Staff at a school in Lancarshire are going on a 6 day strike because the school has hired a teacher in Devon to teach top set maths from Y9-11.
The teacher is beamed into the classroom via video link. The article says "Under the scheme, pupils use technology to interact with the teacher, including touch screens and electronic pens." although I'm not sure what that means. Hopefully it would mean that the teacher would be able to see what each pupil is working on in real time, although that sounds very expensive!
There is then an additional adult hired to be present in the room and presumably manage behaviour (if they could help the kids with the work, they wouldn't need the virtual teacher).

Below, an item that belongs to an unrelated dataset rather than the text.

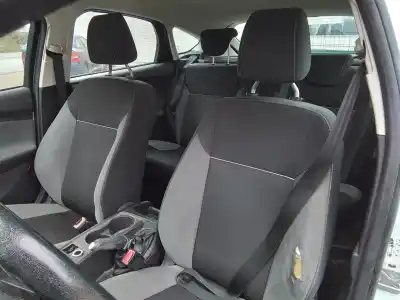 Veículo de Sucata ford focus iii sedán 1.6 tdci do ano 2014 alimentado t3da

On the one hand, I can see that the alternative for these kids is that they don't have a maths teacher at all.
On the other hand, replacing an actual teacher with a teacher-on-a-screen is not an ideal option. Teachers cannot build up relationships with classes that they cannot see, walk around and interact with like actual human beings. There's a lot of things that teachers do in a class that isn't merely standing at the front and delivering content.
If this happens more widely you could then also see teachers opting to become virtual teachers because then they'd get to work from home, not to have to bother with behaviour management or bus duty or staff meetings, or even a commute. And I suspect they are only using this set-up with top sets because they are more independent and compliant, so bottom sets are still going without good maths teachers, and indeed are more likely to go without because the good teacher has elected to do the work from home option.
I don't think it's a positive move. But then classes not having maths teachers at all is a real problem.